The Pararaton, also known as the Book of Kings or Pustaka Raja, is a Javanese chronicle in the Kawi language. The comparatively short text of 32 folio-size pages contains the history of the kings of Singhasari and Majapahit in eastern Java.
Pararaton opens with a formal incarnation of the founder of Singhasari kingdom, Ken Arok. Almost half of the manuscript is the story of Ken Arok's career before his accession to the throne in 1222. This part is clearly mythical in character. There then follow a number of shorter narrative fragments in chronological order. Many of the events recorded here are dated. Towards the end the pieces of history become shorter and shorter and are mixed with genealogical information concerning the members of the royal family of Majapahit.
The edition of the text published by J.L.A. Brandes furnishes an alternative title: Serat Pararaton atawa Katuturanira Ken Angrok, the final part of the text must have been written between 1481 and 1600 CE.

Prelude

Pararaton commences with a brief prelude telling how Ken Arok incarnated himself in which he became the king. He offered himself as a human sacrifice to Yamadipati, the Javanese Door God, in order to save himself from death. As a reward, he was promised that upon his death he would return to Vishnu's heaven and be reborn as a superior king of Singhasari.
The promise was fulfilled. Ken Arok was begotten by Brahma of a newly-wed peasant woman. On his birth, his mother laid him in a graveyard where his body, effulgent with light, attracted the attention of Ki Lembong, a passing thief. Ki Lembong adopted him, raised him and taught him all of his arts. Ken Arok indulged in gambling, plunder and rapine. In the manuscript, it is written as such that Ken Arok was saved many times by divine intervention. There is a scene in Mount Kryar Lejar wherein gods descend in conference and Batara Guru declares Ken Arok his son.

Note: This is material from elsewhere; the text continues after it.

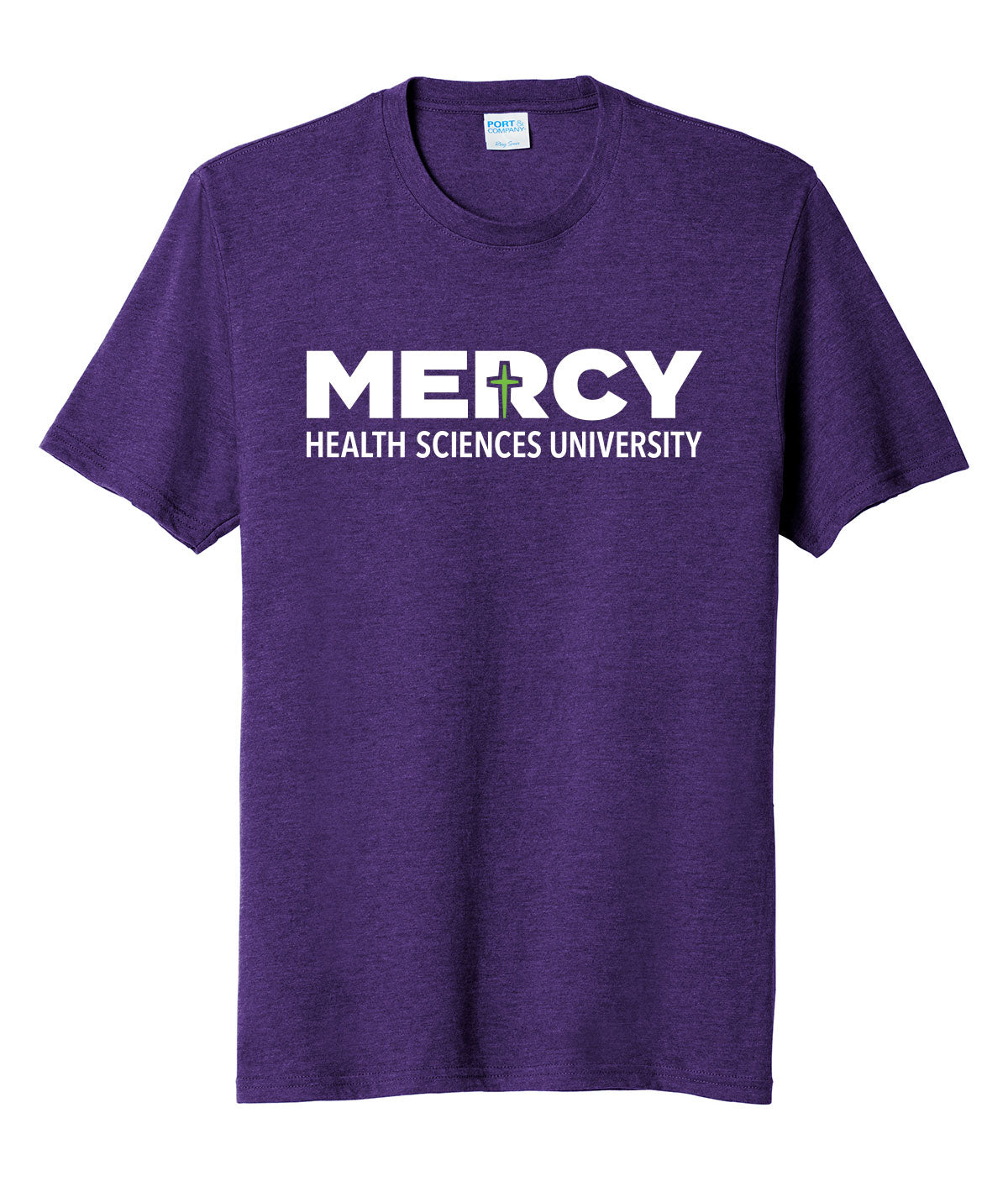 Mercy Health Sciences University Soft Tee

Ken Arok is also destined to bring stability and power to Java.
The prelude of Pararaton is followed by the meeting of Ken Arok with Lohgawe, a Brahmin who came from India to make sure Batara Guru's instructions were fulfilled. It was Lohgawe who asked Ken Arok to meet Tunggul Ametung, ruler of Tumapel. Ken Arok then killed Tunggul Ametung to gain possession of Ametung's wife, Ken Dedes, and also the throne to Singashari.

Analysis of the manuscript

Some parts of Pararaton cannot be accounted as historical facts. Especially in the prelude, fact and fiction, fantasy and reality go together. Scholars such as C. C. Berg argued that texts such as these are entirely supernatural and ahistorical, and intended not to record the past, but instead determine future events. However, the majority of scholars accept some historicity in the Pararaton, noting numerous correspondences with other inscriptions and Chinese sources, and accept the manuscript's frame of reference within which a valid interpretation is conceivable.
The manuscript was written under the nature of Javanese kingship. For Javanese, it is the function of the ruler to link the present with the past and the future and to give human life its appropriate place in the cosmic order. The king, in the Javanese realm, is the sacral embodiment of the total state, just as his palace is a microcosmic copy of the macrocosmos. The king possesses an innate divinity to a far higher degree than ordinary men.
Ras compared the Pararaton with the Sanskrit Canggal inscription, the Śivagŗha inscription, the Calcutta Stone and the Babad Tanah Jawi. These show clear similarities in character, structure and function and also similarity with texts from the Malay historiography.
It describes a violent volcanic eruption in 416 AD in the Sunda Strait area, though the known eruption nearest this date was that of Krakatoa in 536: see 416 AD eruption of Krakatoa.